-- Problem to solve --
Could you copy the records below exactly, leaving out any pictures?

-- Available records --
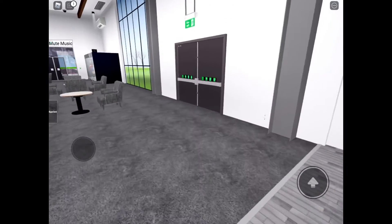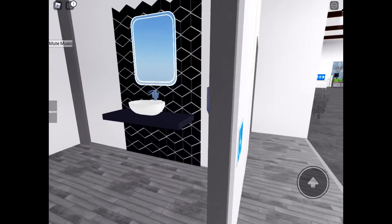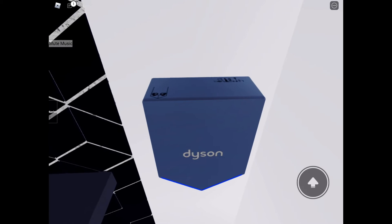Alright, let's exit out. These are unisex restrooms. Let's go in the other one and get another Dyson AirBlade.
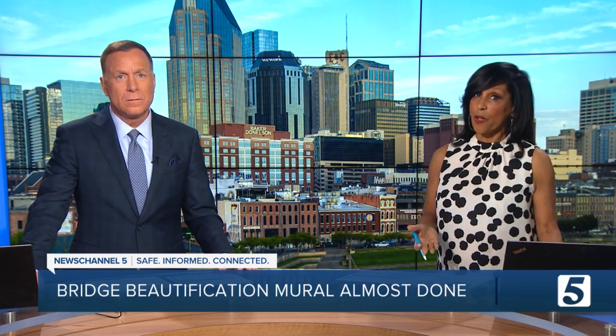While Tara did give them a deal, the cost of supplies is expensive. So if you'd like to help, we've posted a link to a GoFundMe to help.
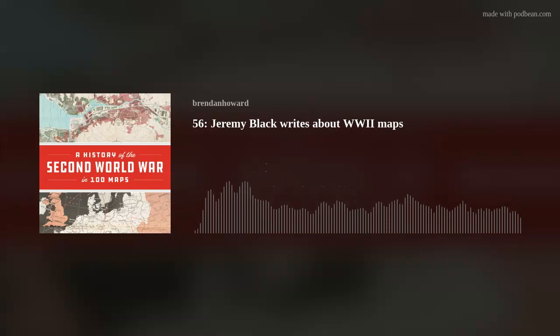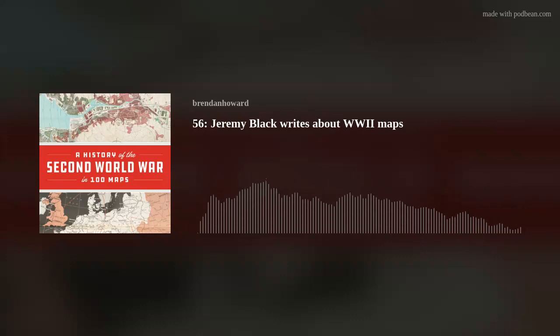I'm Jeremy Black. I was Professor of History at the University of Exeter in Britain, and I've published quite a lot of books in military history and other topics. The one we're talking about in particular this evening is one published in the United States by the University of Chicago Press — the leading world publisher in cartographic history, history of maps — and in Britain by British Library Books. It's called A History of the Second World War in 100 Maps. And I have it here. If I dropped it from any height, it would be fatal to somebody on the ground.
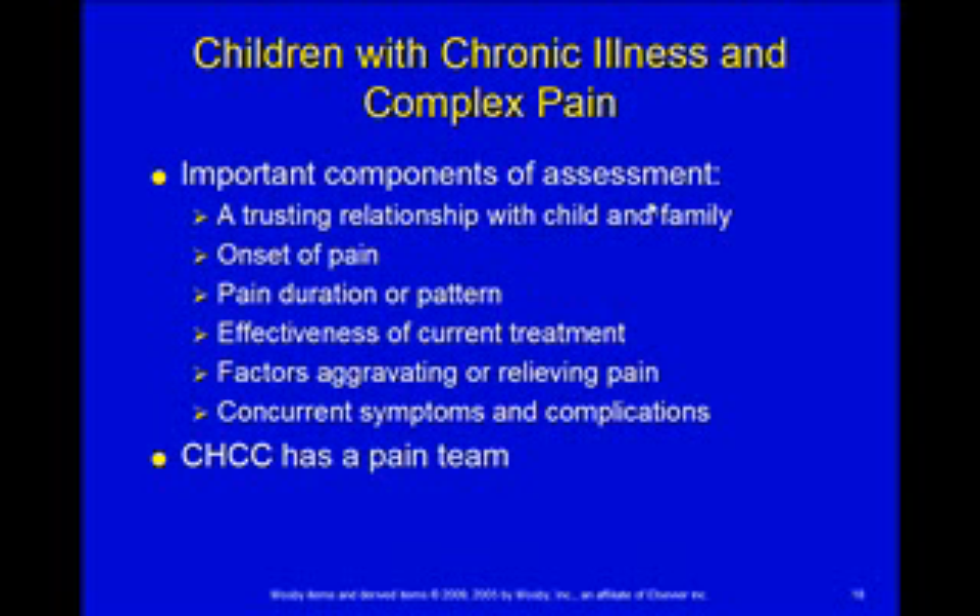Are there other concurrent symptoms — things that go along with the pain, like nausea or other symptoms? If you do have a child with chronic complex pain, there's a pain team at Children's Hospital who will come and do an in-depth evaluation and make recommendations on how to best treat that specific child.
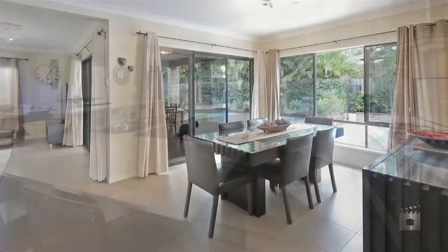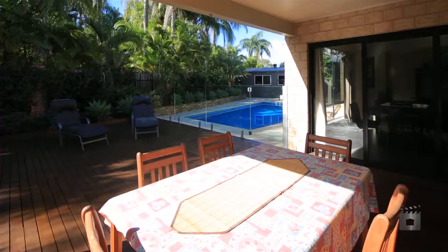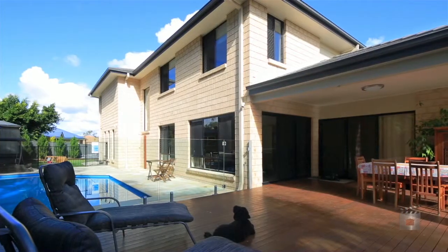Entertaining on the covered outdoor timber deck area overlooking the pool is a dream come true. Five Hallmark Court, Ashmore.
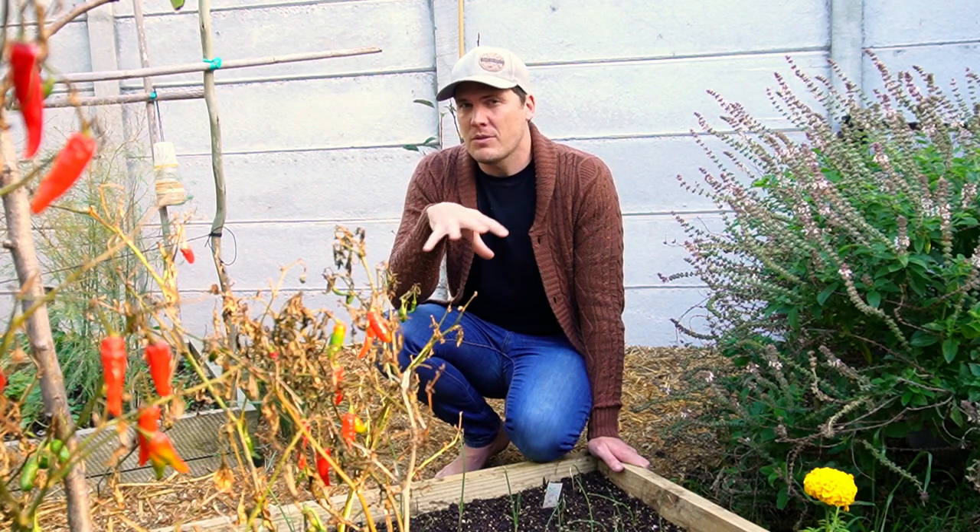Take all of this with a pinch of salt, because what works for me in my climate might not work for you. That's why I'm giving you multiple options.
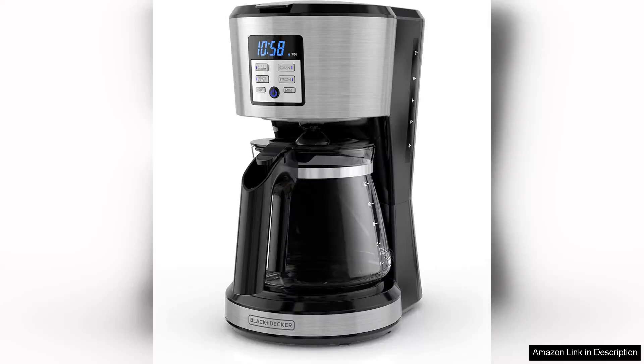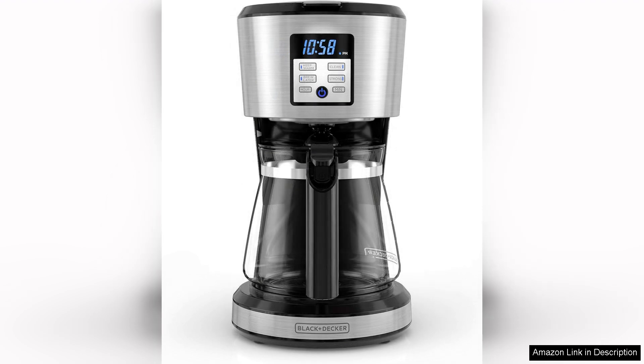The 12-cup coffee maker with programmable features and exclusive Vortex technology is a remarkable addition to any coffee lover's kitchen. This machine combines convenience, efficiency, and excellent brewing performance in a sleek design.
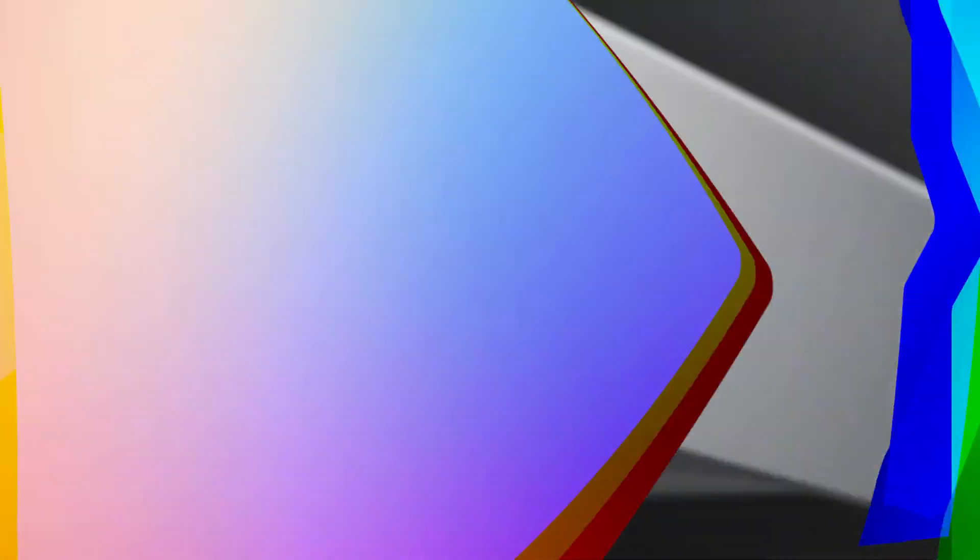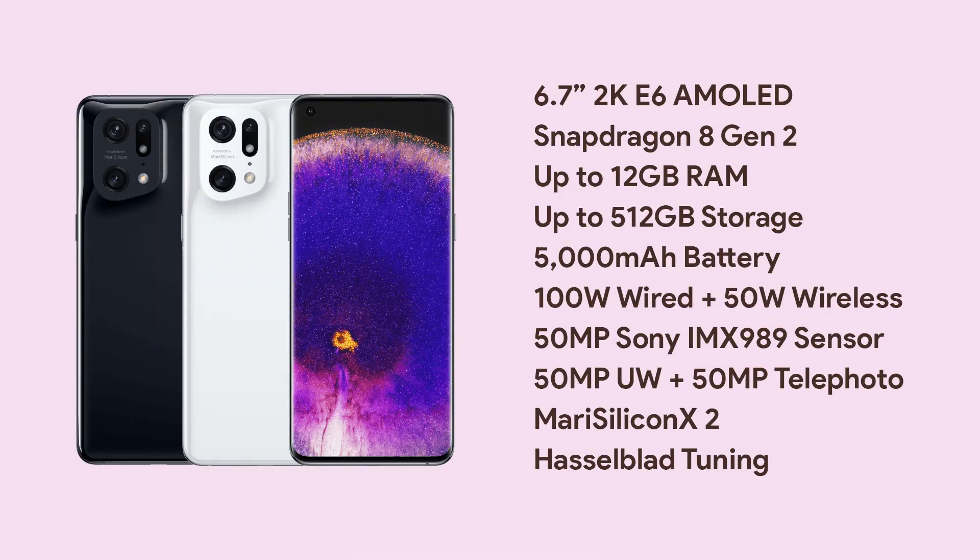The Find X6 Pro has a 5000mAh battery and supports 100W fast wired charging and 50W fast wireless charging. The specifications are pretty impressive on paper. We do not know the design yet, but considering there is a huge 1-inch camera sensor, it would not be surprising to see a big camera module. That is all about this video, and as always I will catch you in the next one.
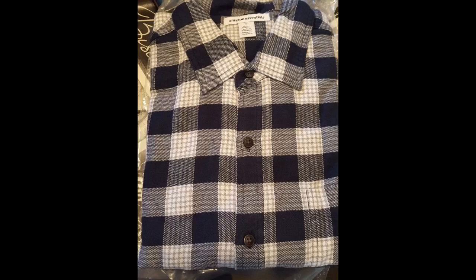I am 5 feet 3 inches and 115 pounds — I ordered an extra small and it fit perfectly. I like my flannels on the looser side, except that it was a little long, but I'm pretty short so that's understandable. You can't beat the price — I want more in other colors.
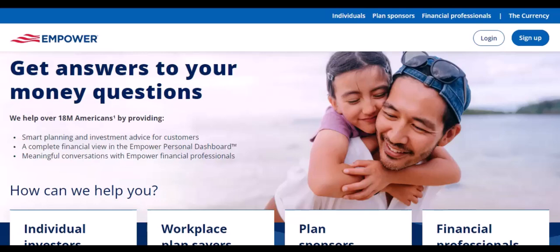Pros of linking your bank account to Empower. Convenience: it's incredibly convenient to have all your financial information in one place. You can easily track your spending, set budgets, and even automate savings.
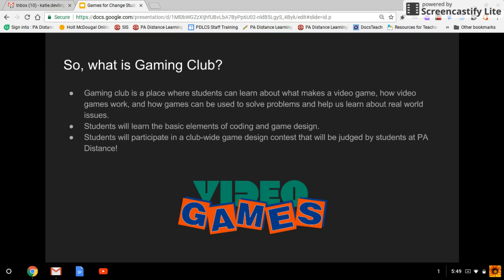Students will learn the basic elements of coding and game design during this course. Students will also participate in a school-wide game design contest that will be judged by other students here at PA Distance. To end our time together this year, we are going to have a school-wide contest where our school plays the games that we've created. It'll be a lot of fun, but in order for it to work, we need tons of people in this club.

-- Solution to this problem --
Alright, let's exit out. These are unisex restrooms. Let's go in the other one and get another Dyson AirBlade.
While Tara did give them a deal, the cost of supplies is expensive. So if you'd like to help, we've posted a link to a GoFundMe to help.
I'm Jeremy Black. I was Professor of History at the University of Exeter in Britain, and I've published quite a lot of books in military history and other topics. The one we're talking about in particular this evening is one published in the United States by the University of Chicago Press — the leading world publisher in cartographic history, history of maps — and in Britain by British Library Books. It's called A History of the Second World War in 100 Maps. And I have it here. If I dropped it from any height, it would be fatal to somebody on the ground.
Are there other concurrent symptoms — things that go along with the pain, like nausea or other symptoms? If you do have a child with chronic complex pain, there's a pain team at Children's Hospital who will come and do an in-depth evaluation and make recommendations on how to best treat that specific child.
Entertaining on the covered outdoor timber deck area overlooking the pool is a dream come true. Five Hallmark Court, Ashmore.
Take all of this with a pinch of salt, because what works for me in my climate might not work for you. That's why I'm giving you multiple options.
The 12-cup coffee maker with programmable features and exclusive Vortex technology is a remarkable addition to any coffee lover's kitchen. This machine combines convenience, efficiency, and excellent brewing performance in a sleek design.
The Find X6 Pro has a 5000mAh battery and supports 100W fast wired charging and 50W fast wireless charging. The specifications are pretty impressive on paper. We do not know the design yet, but considering there is a huge 1-inch camera sensor, it would not be surprising to see a big camera module. That is all about this video, and as always I will catch you in the next one.
I am 5 feet 3 inches and 115 pounds — I ordered an extra small and it fit perfectly. I like my flannels on the looser side, except that it was a little long, but I'm pretty short so that's understandable. You can't beat the price — I want more in other colors.
Pros of linking your bank account to Empower. Convenience: it's incredibly convenient to have all your financial information in one place. You can easily track your spending, set budgets, and even automate savings.
Students will learn the basic elements of coding and game design during this course. Students will also participate in a school-wide game design contest that will be judged by other students here at PA Distance. To end our time together this year, we are going to have a school-wide contest where our school plays the games that we've created. It'll be a lot of fun, but in order for it to work, we need tons of people in this club.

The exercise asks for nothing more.